Stage One: GribCollection Creation

gdsHash: Fix errors in GDS encoding

<xsd:element name="gdsHash" minOccurs="0">
  <xsd:complexType>
    <xsd:attribute name="from" type="xsd:int" use="required"/>
    <xsd:attribute name="to" type="xsd:int" use="required"/>
  </xsd:complexType>
</xsd:element>

The CDM creates a different group for each different GDS (Grid Definition Section) used in the GRIB collection. It identifies the GDS by creating a hashcode for it, and then creates a separate group for each unique hashcode. Unfortunately, in some cases, GRIB records have GDSs that differ in minor ways, such as the fifth decimal place in the starting x and/or y coordinate. It’s clear these are minor defects in the writing of the GRIB records. If desired, the user can fix these problems through NcML or in the TDS gribConfig element.

First, one must find the GDS hashcodes by using ToolsUI. In the IOSP/GRIB1(2)/GribCollection tab, enter the GRIB file name, which then shows the records in the file. Select the GDS (at the bottom), right click for the context menu, and choose: compare GDS. This will show the differences in the GDS and the corresponding hashcodes. If you confirm that they are, in fact, the same GDS, then you can fix this problem by merging the two groups. For example:

<gribConfig>
  <gdsHash from="1450218978" to="1450192070"/>
</gribConfig>

This changes those variables using GDS hashcode 1450218978 to use 1450192070, which essentially merges the two groups and eliminates the spurious group in the resulting CDM index file.

Sometimes you want to remove spurious records altogether. To do so, set the gdsHash to 0:

<gribConfig>
  <gdsHash from="1450218978" to="0"/>
</gribConfig>

will ignore any records with GDS hashcode 1450218978.

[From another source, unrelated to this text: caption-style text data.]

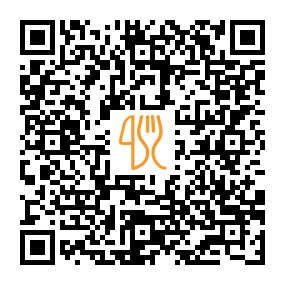 Enlace de código QR al menú de Jingzhong Jiang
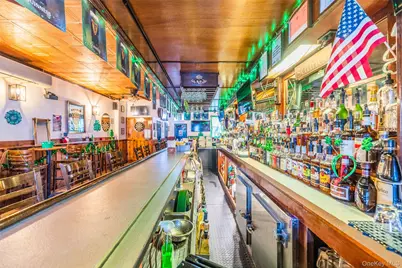 16904 Crocheron Avenue, Flushing, NY 11358 - Photo 7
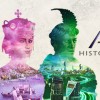 Ara: History Untold Premium Edition PC Steam CD Key Ara: History Untold Premium Edition PC Steam CD Key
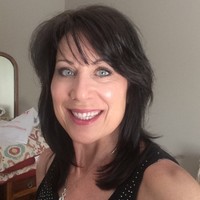 Julie Gafkjen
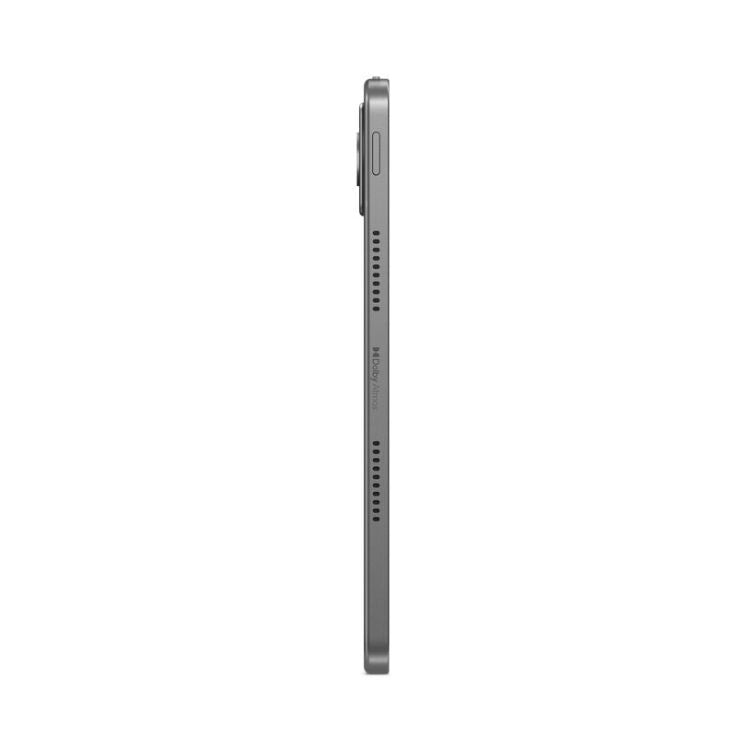 Lenovo Idea Tab 11" 2.5K Wi-Fi 4GB/128GB + Pen Stylus Cinzento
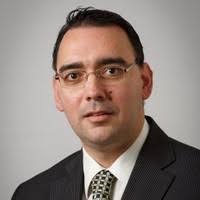 mike PONTO Email & Phone Number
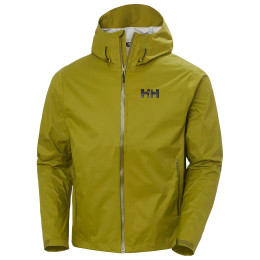 Pánska bunda Helly Hansen Loke Terra Jacket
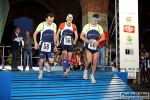 19_06_2010_Monza_Resegone_foto_Roberto_Mandelli_0296.jpg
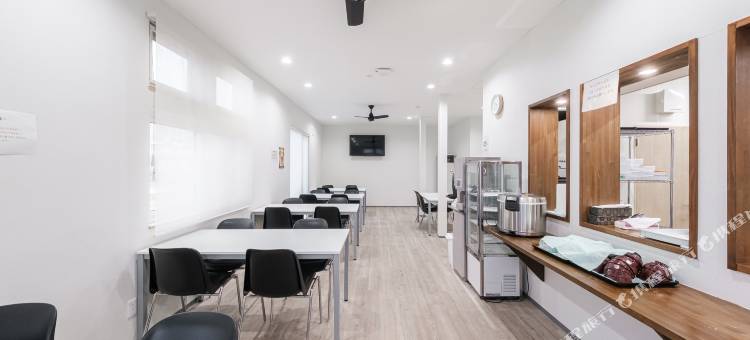 Tabist 骏 日高平取酒店(Tabist Hotel Shun Hidaka Biratori)图片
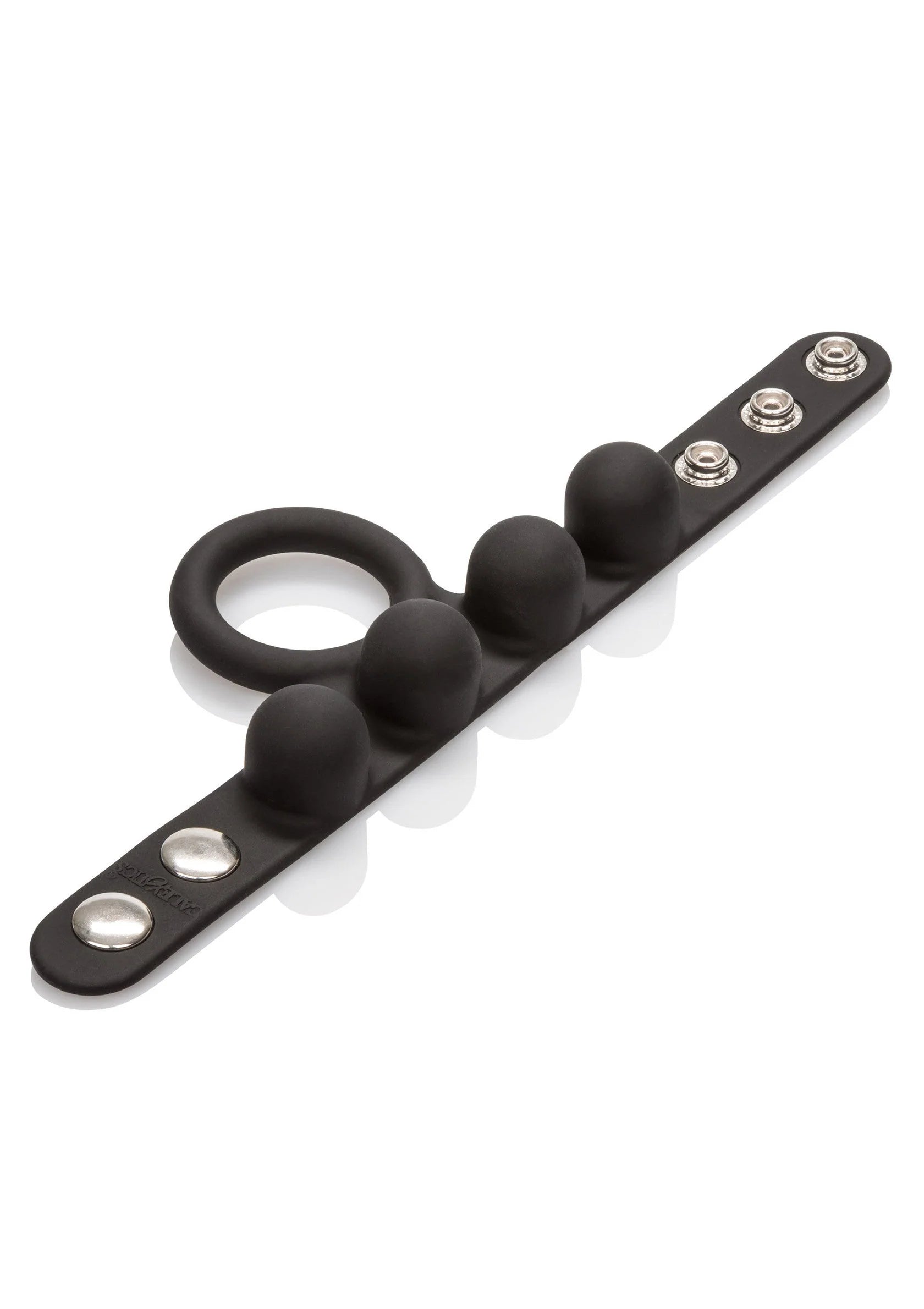 12721_BLACK_03 | bestel discreet online bij Happytoys, de erotische webshop geleid door een vrouw.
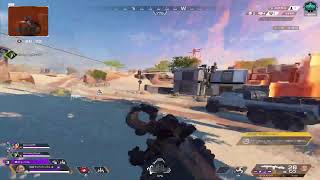APEX ダイヤ間に合わないか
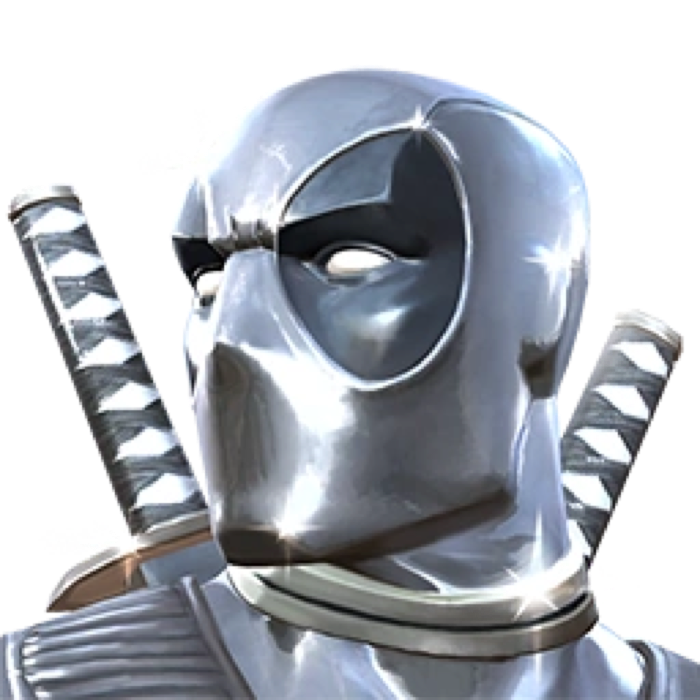 Platinumpool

pdsHash: Control how PDS are made into variables

<xsd:element name="pdsHash" minOccurs="0" maxOccurs="unbounded">
  <xsd:complexType>
    <xsd:sequence>
      <xsd:element name="useGenType" minOccurs="0" maxOccurs="1"/>
      <xsd:element name="useTableVersion" minOccurs="0" maxOccurs="1"/>
      <xsd:element name="mergeIntv" minOccurs="0" maxOccurs="1"/>
    </xsd:sequence>
  </xsd:complexType>
</xsd:element>

Information from the GRIB record, in particular the PDS (Product Definition Section) is used to group GRIB records into CDM Variables containing multidimensional arrays. This is done by creating a “CDM hashcode” of each record, and then combining all records with the same hashcode into one variable. The CDM makes certain choices on how to do this, that may need to be overridden for a particular dataset. Currently, most of these setting ar per dataset, and cannot be applied at a finer granularity, with the exception of intvFilter, which applies to specific Variables.

useGenType: GRIB-2 only

Control whether generating type (octet 12) is used in the CDM hashcode. If true, records with different generating types will create different variables. Default is false. Set this to true if, in the same dataset, you have records with the same discipline-category-parameter but with different generating types that should be made into different variables. By default, different generating types will be ignored.

<gribConfig>
  <pdsHash>
    <useGenType>true</useGenType>
  </pdsHash>
</gribConfig>

useTableVersion: GRIB-1 only

Control whether table version (octet 4) is used in the CDM hashcode. If true, records with different table versions will create different variables. Default is false. Set this to true if, in the same dataset, you have records with the same parameter number but with different table versions that should be made into different variables. By default, different table versions will be ignored.

<pdsHash>
  <useTableVersion>true</useTableVersion>
</pdsHash>

intvMerge: GRIB-1 and GRIB-2

Control whether time intervals are merged. If false, separate variables are created for each time interval length. Default is true, which will generate “mixed interval variables” if a variable has records of different interval lengths.

<pdsHash>
  <intvMerge>false</intvMerge>
</pdsHash>

useCenter: GRIB-1 only

Control whether center (octet 5) and sub-center (octet 26, if > 0) is used in the CDM hashcode when the parameter number > 127. Default is false. Set this to true if, in the same dataset, you have records with the same parameter from different centers that should be made into different variables. By default, different centers will be ignored.

<pdsHash>
  <useCenter>true</useCenter>
</pdsHash>

intvFilter: Filter on Time Interval

<xsd:element name="intvFilter" minOccurs="0" maxOccurs="unbounded">
  <xsd:complexType>
    <xsd:sequence>
      <xsd:element name="variable" minOccurs="0" maxOccurs="unbounded">
        <xsd:complexType>
          <xsd:attribute name="id" type="xsd:string" use="required"/>
          <xsd:attribute name="prob" type="xsd:string" use="optional"/>
        </xsd:complexType>
      </xsd:element>
    </xsd:sequence>
    <xsd:attribute name="excludeZero" type="xsd:boolean" use="optional"/>
    <xsd:attribute name="intvLength" type="xsd:int" use="optional"/>
    <xsd:attribute name="interval" type="xsd:string" use="optional"/>
  </xsd:complexType>
</xsd:element>

GRIB makes extensive use of time intervals as coordinates. By following CF Cell Boundaries, time interval coordinates use an auxiliary coordinate to describe the intervals. For example a coordinate named time1(30) will have an auxiliary coordinate time1_bounds(30,2) containing the lower and upper bounds of the time interval for each coordinate. Currently, the CDM places all intervals in the same variable (rather than create separate variables for each interval size), unless intvMerge is set to false. When all intervals have the same size, the interval size is added to the variable name. Otherwise, the phrase “mixed_intervals” is added to the variable name.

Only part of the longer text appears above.